- Task objective
Find the line with "Zara Jackets &" in the data below. Repeat it and every line after it exactly, but not the pictures.

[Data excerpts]

=== Section Start ===

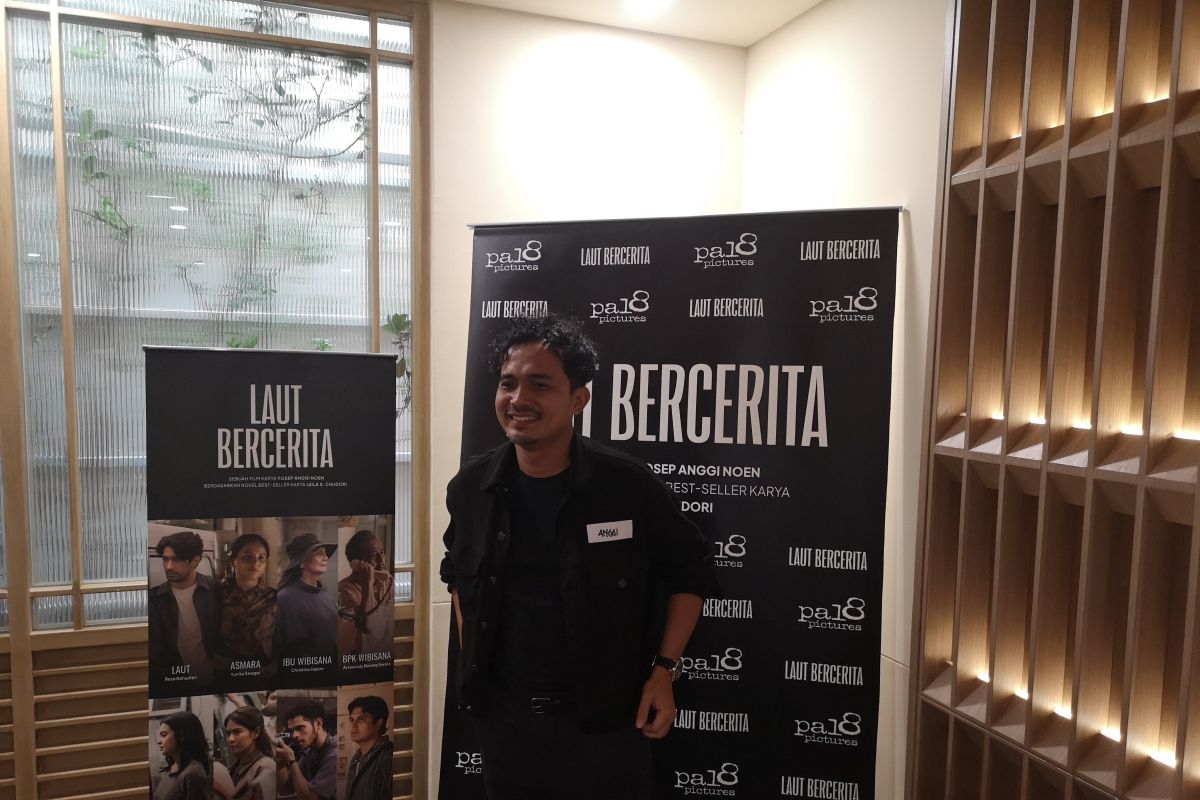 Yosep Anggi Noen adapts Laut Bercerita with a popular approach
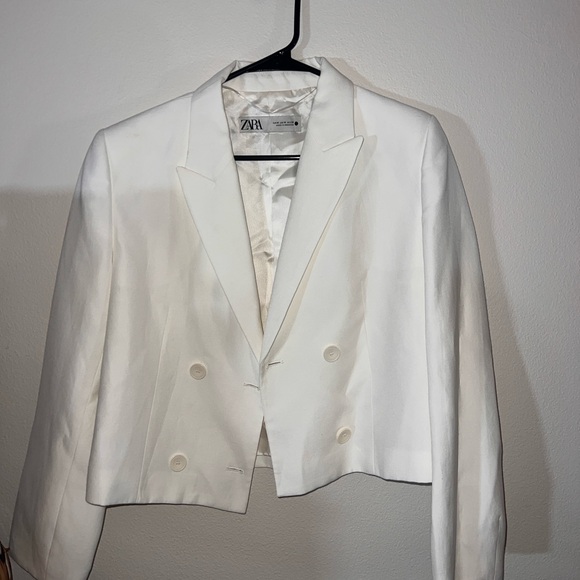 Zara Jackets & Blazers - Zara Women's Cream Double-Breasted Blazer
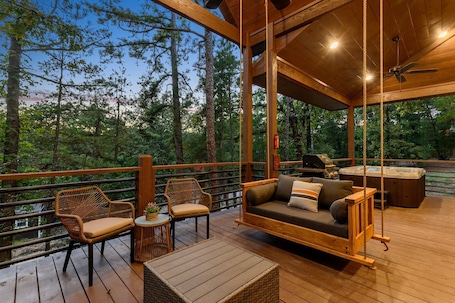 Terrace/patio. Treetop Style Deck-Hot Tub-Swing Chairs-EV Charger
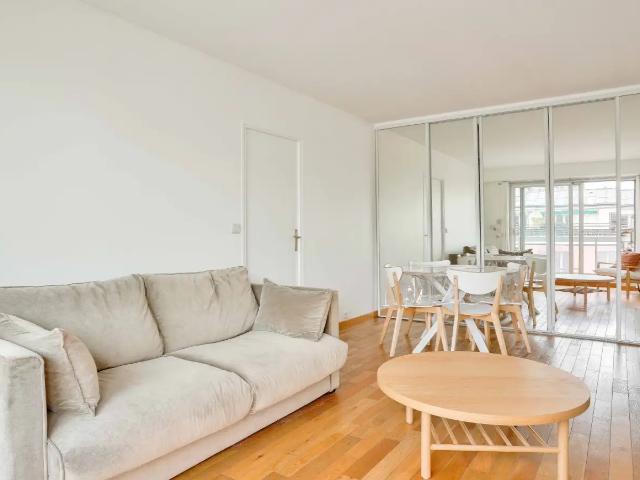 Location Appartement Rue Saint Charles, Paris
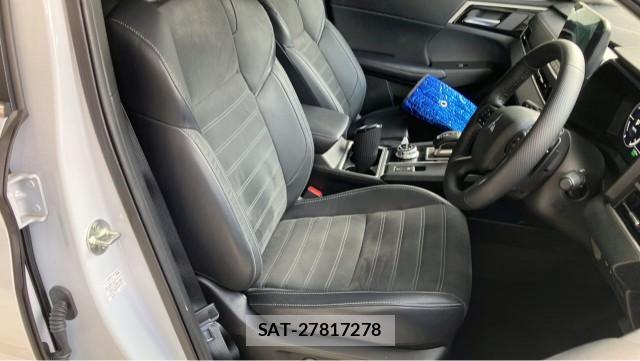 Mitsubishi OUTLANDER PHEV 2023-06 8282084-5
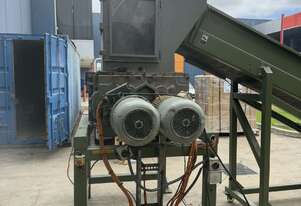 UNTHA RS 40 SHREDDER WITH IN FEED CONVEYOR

=== Section End ===

- Answer space
 Zara Jackets & Blazers - Zara Women's Cream Double-Breasted Blazer
 Terrace/patio. Treetop Style Deck-Hot Tub-Swing Chairs-EV Charger
 Location Appartement Rue Saint Charles, Paris
 Mitsubishi OUTLANDER PHEV 2023-06 8282084-5
 UNTHA RS 40 SHREDDER WITH IN FEED CONVEYOR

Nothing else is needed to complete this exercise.